Key stakeholders have reported the Federal Government is pushing ahead to recover additional water and will alter the law to remove a requirement for a socio-economic impact test.
Chair of SRI Chris Brooks said buybacks have already decimated our communities while threatening the future of staple food production and ultimately the cost of living.
“Under the Basin Plan, Murray Irrigation has already lost 30 per cent of the productive water through the system.
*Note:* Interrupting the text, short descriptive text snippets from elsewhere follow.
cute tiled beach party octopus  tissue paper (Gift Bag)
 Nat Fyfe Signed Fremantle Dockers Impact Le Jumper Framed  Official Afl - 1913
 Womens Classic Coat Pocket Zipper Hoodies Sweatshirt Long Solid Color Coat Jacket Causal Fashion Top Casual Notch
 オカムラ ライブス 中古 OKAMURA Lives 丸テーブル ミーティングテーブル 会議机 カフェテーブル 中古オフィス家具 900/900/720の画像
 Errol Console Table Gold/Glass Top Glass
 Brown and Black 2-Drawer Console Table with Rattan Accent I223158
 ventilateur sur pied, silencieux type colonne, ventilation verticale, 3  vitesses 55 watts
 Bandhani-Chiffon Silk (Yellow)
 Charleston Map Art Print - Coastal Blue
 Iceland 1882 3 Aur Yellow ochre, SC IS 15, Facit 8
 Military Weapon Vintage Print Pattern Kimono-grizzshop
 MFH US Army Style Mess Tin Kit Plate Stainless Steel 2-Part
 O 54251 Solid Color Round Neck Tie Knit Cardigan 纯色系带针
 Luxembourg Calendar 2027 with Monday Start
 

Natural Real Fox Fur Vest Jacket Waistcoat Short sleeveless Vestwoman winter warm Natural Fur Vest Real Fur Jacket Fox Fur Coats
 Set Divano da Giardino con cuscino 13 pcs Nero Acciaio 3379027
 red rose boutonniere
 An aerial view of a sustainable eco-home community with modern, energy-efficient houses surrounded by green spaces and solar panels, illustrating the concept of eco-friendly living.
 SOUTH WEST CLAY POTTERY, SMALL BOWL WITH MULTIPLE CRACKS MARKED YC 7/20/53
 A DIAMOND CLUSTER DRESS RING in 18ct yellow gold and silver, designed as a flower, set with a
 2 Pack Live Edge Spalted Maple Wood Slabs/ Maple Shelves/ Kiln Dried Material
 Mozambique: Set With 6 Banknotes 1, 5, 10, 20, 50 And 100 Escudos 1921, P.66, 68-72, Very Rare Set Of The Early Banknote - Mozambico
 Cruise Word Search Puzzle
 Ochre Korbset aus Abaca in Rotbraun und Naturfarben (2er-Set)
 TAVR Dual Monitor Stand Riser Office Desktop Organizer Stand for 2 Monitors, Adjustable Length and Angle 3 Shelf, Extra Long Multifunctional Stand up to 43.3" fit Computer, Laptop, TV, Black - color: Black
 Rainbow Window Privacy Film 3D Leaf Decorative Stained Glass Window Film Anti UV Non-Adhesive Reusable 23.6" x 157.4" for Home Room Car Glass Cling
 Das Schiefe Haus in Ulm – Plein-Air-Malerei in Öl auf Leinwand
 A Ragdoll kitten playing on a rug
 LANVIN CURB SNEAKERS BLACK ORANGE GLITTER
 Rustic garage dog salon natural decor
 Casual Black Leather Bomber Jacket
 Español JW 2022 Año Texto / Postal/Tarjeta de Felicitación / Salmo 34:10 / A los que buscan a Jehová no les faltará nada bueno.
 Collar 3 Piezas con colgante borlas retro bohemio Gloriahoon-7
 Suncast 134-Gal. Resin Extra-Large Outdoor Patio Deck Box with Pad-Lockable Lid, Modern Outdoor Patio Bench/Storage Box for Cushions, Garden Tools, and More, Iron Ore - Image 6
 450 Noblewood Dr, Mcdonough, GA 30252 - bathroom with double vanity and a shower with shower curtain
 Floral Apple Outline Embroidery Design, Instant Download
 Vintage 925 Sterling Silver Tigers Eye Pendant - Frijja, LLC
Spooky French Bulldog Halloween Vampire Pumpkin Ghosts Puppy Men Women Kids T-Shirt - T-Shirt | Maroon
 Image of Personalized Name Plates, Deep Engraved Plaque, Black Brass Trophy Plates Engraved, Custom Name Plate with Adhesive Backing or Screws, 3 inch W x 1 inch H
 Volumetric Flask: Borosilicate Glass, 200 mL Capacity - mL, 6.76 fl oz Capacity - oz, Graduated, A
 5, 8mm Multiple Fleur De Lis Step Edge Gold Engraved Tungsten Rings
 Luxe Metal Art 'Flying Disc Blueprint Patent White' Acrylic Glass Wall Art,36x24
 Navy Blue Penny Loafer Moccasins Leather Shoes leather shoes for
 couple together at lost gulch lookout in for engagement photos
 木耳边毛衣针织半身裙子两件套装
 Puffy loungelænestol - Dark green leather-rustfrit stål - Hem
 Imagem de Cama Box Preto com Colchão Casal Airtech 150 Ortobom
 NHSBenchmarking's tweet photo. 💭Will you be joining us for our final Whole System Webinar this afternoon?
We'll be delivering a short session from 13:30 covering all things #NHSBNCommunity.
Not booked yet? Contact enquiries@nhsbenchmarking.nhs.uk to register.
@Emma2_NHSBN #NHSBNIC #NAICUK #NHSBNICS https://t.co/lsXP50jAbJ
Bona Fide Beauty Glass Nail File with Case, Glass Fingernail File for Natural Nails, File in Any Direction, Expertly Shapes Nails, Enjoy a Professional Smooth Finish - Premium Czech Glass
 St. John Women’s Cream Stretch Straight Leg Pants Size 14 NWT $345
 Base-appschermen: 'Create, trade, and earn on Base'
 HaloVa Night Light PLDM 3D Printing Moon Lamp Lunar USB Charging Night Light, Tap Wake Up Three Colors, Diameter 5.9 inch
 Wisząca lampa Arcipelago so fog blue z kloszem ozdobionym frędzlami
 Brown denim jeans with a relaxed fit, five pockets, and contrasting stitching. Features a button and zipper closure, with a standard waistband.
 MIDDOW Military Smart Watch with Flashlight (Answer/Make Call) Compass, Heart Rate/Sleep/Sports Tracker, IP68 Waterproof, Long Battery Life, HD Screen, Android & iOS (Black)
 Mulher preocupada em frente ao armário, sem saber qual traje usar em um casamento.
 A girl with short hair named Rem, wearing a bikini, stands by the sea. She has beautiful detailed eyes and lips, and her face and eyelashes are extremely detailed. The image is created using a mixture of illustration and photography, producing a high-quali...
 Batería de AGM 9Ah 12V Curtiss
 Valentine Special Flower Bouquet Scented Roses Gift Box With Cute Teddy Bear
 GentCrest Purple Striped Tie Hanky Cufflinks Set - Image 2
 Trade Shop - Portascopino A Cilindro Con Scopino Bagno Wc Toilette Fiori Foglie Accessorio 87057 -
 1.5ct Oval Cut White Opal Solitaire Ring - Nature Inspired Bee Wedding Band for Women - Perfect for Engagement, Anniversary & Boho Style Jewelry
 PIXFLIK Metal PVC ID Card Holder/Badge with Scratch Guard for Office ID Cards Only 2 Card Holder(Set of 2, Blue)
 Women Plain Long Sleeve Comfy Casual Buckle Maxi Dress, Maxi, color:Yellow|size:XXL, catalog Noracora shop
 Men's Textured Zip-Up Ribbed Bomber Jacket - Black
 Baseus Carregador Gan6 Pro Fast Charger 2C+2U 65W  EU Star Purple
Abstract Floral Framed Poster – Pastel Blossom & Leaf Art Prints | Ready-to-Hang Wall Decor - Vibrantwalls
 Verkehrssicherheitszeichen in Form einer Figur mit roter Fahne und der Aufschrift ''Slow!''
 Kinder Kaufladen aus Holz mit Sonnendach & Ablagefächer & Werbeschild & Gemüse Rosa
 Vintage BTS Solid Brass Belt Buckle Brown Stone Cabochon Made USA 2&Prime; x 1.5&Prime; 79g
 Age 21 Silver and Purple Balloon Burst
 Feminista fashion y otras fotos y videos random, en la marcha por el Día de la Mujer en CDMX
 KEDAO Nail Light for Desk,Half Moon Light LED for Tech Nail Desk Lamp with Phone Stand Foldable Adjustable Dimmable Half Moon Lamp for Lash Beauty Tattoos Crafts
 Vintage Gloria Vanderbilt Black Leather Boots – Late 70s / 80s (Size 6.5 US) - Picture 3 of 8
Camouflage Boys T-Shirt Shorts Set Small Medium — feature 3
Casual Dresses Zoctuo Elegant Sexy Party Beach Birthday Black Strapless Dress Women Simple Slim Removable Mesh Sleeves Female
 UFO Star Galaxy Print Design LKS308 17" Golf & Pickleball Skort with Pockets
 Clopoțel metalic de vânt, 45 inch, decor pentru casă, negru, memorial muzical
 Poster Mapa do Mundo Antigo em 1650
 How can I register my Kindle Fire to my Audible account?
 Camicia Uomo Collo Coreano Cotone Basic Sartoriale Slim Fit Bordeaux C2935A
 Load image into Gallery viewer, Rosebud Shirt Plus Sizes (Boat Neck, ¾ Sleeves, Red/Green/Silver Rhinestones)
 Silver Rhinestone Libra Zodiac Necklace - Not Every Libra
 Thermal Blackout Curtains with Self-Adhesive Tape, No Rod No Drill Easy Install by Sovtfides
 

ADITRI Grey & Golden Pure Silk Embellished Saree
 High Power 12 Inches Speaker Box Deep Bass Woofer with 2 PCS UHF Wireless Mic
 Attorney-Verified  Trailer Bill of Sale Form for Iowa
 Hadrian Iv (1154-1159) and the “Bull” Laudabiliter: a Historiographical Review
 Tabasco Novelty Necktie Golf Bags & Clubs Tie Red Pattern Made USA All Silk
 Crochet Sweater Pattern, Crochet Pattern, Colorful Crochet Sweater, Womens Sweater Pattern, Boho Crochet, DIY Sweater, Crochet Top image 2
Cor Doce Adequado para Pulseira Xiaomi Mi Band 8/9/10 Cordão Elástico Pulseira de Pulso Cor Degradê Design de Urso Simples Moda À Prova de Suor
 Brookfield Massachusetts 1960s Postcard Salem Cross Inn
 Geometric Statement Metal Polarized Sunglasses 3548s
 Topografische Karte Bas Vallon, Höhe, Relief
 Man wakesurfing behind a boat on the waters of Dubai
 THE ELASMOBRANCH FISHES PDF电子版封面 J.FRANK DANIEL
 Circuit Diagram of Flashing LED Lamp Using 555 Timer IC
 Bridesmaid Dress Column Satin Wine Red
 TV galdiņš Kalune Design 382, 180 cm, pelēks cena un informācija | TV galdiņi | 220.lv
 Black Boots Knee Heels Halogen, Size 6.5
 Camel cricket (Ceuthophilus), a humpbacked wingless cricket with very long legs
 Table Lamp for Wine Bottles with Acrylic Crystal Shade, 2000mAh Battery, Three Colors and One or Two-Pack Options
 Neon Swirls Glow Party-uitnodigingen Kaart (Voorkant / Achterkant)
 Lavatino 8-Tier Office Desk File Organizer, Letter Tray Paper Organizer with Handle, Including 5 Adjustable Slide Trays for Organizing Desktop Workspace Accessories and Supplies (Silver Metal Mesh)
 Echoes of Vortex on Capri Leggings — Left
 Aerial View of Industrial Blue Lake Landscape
Further losses threaten a genuine $7 billion output and viability of our region,” Mr Brooks said.
He said South Australia and Victoria oppose buybacks in their respective states and the biggest concern remains the Federal government targeting NSW Murray and Murrumbidgee because of the capacity in its storages.
“Rather than target over allocated and illegal floodplain harvesting licenses in northern New South Wales, which would ensure water flows down the Darling-Barka River and achieves one of the key principles of the basin plan - river connectivity - Plibersek has her eye on our water.
“We commend the Member for Murray for bringing forward a private members’ bill to protect our communities.”
The bill will ensure no more water can be transferred to the government without a socio-economic impact review which demonstrates neutral to positive outcomes.
Mr Brooks said stakeholders already know what happens to our towns when you take water away.
“Look what happened to Wakool - 97 gigalitres was bought back and half the jobs were lost.
“Fast forward another decade and the dairy industry has been decimated, the local school has gone from 50 students to eight, the tennis, football and basketball clubs have all folded while the local pub operates under restricted hours; buybacks have ripped the heart out of a once vibrant community.”
Mr Brooks also said increasing volumes of water held in upstream storages increases flood risk.
“The MDBA already report the Murray River is over-recovered; any more water just compounds flooding issues.
‘’Last year’s unprecedented flooding caused billions of dollars of infrastructure and productivity losses and this could be our new reality if this bill is not passed.’’
He said there is already over 4600GL in held environmental water accounts.
‘’The CEWH stated they can only use 78 per cent of the water they currently have and we know sending more water downstream will only exacerbate environmental damage upstream.
“Buybacks have nothing to do with environmental outcomes.
“Make no mistake, it’s political and to the detriment of every single one of us who live here in the Riverina – from farmers to business owners to families, no one is spared.”